Saturday, April 15, 2017

Introducing Miranda: Frequently Asked Questions

In preparation for a talk I'm giving at DOSUG I'm going to post my thoughts as they develop.  I thought I would pose and answer some miscellaneous questions.
  • Why didn't you develop Miranda at Pearson?
  • Does Miranda work with AWS?
  • What is in store for the future of Miranda?
  • Miranda really needs feature X!

Why Didn't you Develop Miranda at Pearson?

My managers were always talking about doing this in the next release.  When that rolled around they would talk about the one after that and so on.

Does Miranda Work with AWS?

Miranda was designed with AWS in mind so it should work with AWS.

What is in Store for the Future of Miranda?

That depends on whether it takes off as open source.  For right now, I am planning on adding some sort of rewriting syntax for subscriptions.

Miranda Really Needs Feature X!

If a feature is asked for enough times, I will added it to the system.  If you want something added right now, then you can fork Miranda on github. If you want me to do it, then you can hire me as a consultant to move your feature to the front of the list.

Friday, April 14, 2017

Introducing Miranda: How it Works Revisted

In preparation for a talk I'm giving at DOSUG I'm going to post my thoughts as they develop.  After going through a dry run, it struck me that I talked too much about the nuts and bolts of Miranda, and not enough about how it work generally.  Therefore, I am redoing the "How it works" section to cover these issues better.

Miranda works by making the web service behind it appear to be more reliable than they are.  It does this by sitting in front of the web service and accept Events on its behalf.  Miranda itself is a distributed, fault-tolerant system and is very reliable.

Later, when the service is ready, Miranda delivers those events.  Thus the underlying service does not have to be functional all the time, Miranda will accept Events for it while it is down.  If an event causes the service to crash, Miranda can put the Event aside after the problem is fixed.

Miranda stores Events on a cluster of systems. If one node fails, the other nodes have a copy of the Event.  Nodes take responsibility for delivering Events during an "Auction".  If a node that is tasked with delivering events to a service goes down, the Subscription is Auctioned off again to another node.

Wednesday, April 12, 2017

Introducing Miranda: Miranda Asks for a Password at Startup

In preparation for a talk I'm giving at DOSUG I'm going to post my thoughts as they develop.  At this point, I'm filling in gaps, so things might jump around a bit.

Passwords present a bit of a problem for the system.  Storing them in a file makes them insecure, but the system needs them to encrypt and decrypt files.  The solution that Miranda uses is if it lacks a password, to ask the user for it as part of its startup routine.
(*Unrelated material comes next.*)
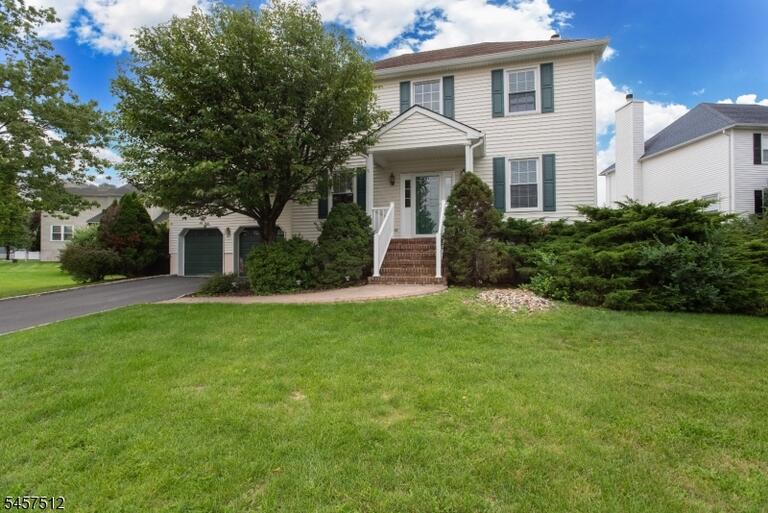 Property listing MLS 4050322 photo 1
This does require a human being to start the system, but it will hopefully be infrequent enough that it will not be too much of a pain.
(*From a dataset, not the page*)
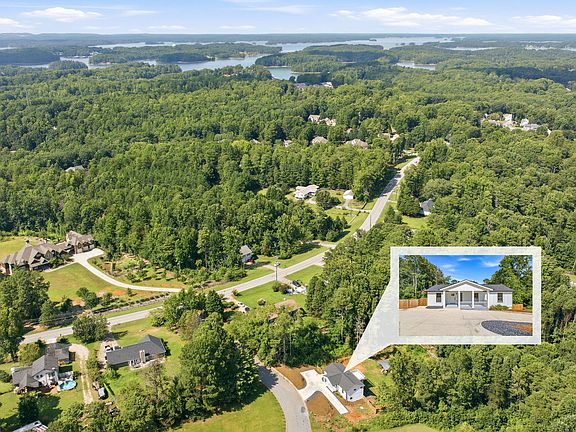 5th image of 5875 Maple Creek Dr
Introducing Miranda: Miranda is Distributed

In preparation for a talk I'm giving at DOSUG I'm going to post my thoughts as they develop.  At this point, I'm filling in gaps, so things might jump around a bit.

One of the design goals of Miranda was to make it able to cross availability zones.  This was due to a limitation of the previous system, Prospero.  Prospero had trouble crossing availability zones because the database it used, Mnesia, did not like latency.  Furthermore, Prospero used RabbitMQ a lot and every round trip meant network delays.

Miranda does not use Mnesia or RabbitMQ, so it does not have these problems.

If a hurricane takes down a data center, the remaining nodes will keep going.  Subscriptions that the lost node was responsible for will be distributed among the remaining nodes.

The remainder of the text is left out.